JPMorgan Chase CEO Jamie Dimon on Monday warned of similarities between the current moment and the years just before the 2008 financial crisis, saying he’s anxious that lofty asset prices are fueling the risk of a coming credit cycle.
The bank has more competitors than ever now, and everyone’s on offense, the CEO said.
“My own view is people are getting a little comfortable that this is real, these high asset prices and high volumes – that we won’t have any kind of problem whatsoever,” Dimon said during the bank’s company update event in New York City.
“Everyone’s coining money and everyone’s great,” Dimon said. “It does feel really good.

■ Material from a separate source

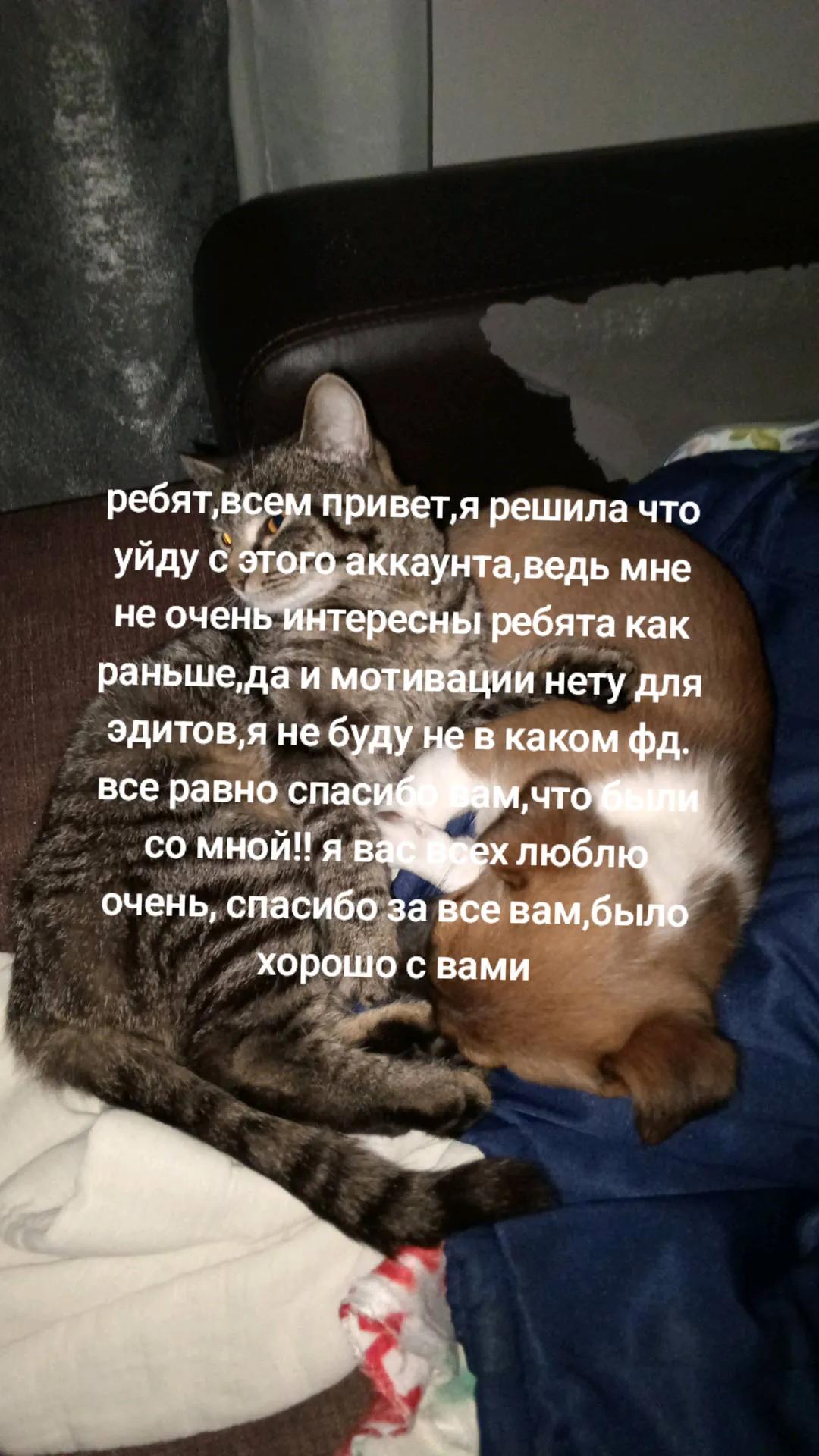 @акинатор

And then when I think about all the factors taking place, I like to take a deep breath and say, ‘Watch out.’”
A swing in the opposite direction is coming, Dimon said, adding he doesn’t know when. “My anxiety is high over it. I’m not assuaged by the fact that asset prices are high. In fact, I think that adds to the risk,” he said.
“Unfortunately, we did see this in ’05, and ’06, and ’07. Almost the same thing,” Dimon said. “The rising tide was lifting all boats, everyone was making a lot of money, people were leveraging to the hilt. The sky was the limit.”
The CEO of the biggest U.S. bank frequently frets over the geopolitical environment or signs of cracks in the credit environment.
Amid intense competition to make loans, JPMorgan remains “quite cautious,” Dimon told investors Monday.
“We stick to our own rules,” he said.
If the bank loses business “because we don’t want to underwrite a leveraged loan, so be it. We’re not chasing anything,” he added.
He appeared to contrast that with what he sees as “a couple of people doing some dumb things” to “create [net interest income] or say they’re winning in the markets business, or something like that.”
Analysts asked Dimon about the bank’s appetite toward acquisitions, given the amount of excess capital JPMorgan holds and the more favorable regulatory environment for M&A.
Dimon expressed a clear preference for organic growth but said “inorganic is very important.”
He named payments and asset and wealth management as two areas where an acquisition holds appeal.
“I’d love Mary [Callahan Erdoes, the bank’s CEO of asset and wealth management] to buy something if it made sense,” Dimon said. But if it doesn’t, the bank has the ability to hire people and grow on its own, he added.
“Payments, I would look at all the time,” Dimon said. “We’ve done several, some did not work, as you know. But that doesn’t mean we wouldn’t try again.”
Growing without making acquisitions is “hard, but it’s your way, your culture, your people, your technology,” he said. “Any merger you do, any one of them, you are talking about consolidating systems and people and back offices and [communications] teams and cultures.”
In commercial and investment banking, growing organically seems better, he said. With an acquisition in one of those segments, “you’re taking on other people’s books, and other people’s systems, and other people’s credit and their loans.”
The CEO believes the bank can deploy some $40 billion to $50 billion organically over the next five years, pointing to things like the bank’s security and resiliency initiative, being led by former Geico CEO Todd Combs.
With that initiative, JPMorgan has said it will make direct equity and venture capital investments of up to $10 billion, but “we could do $20 billion,” Dimon said.
He also noted the incremental revenue opportunity that comes with technology investments, which the bank is focused on.
Dimon, who turns 70 next month and has been CEO for two decades, was again asked for the latest projection on his time remaining at the helm of the bank.
“I’m here for a few years as CEO, and maybe a few after that as executive chairman, pending whatever the board wants to do,” he said.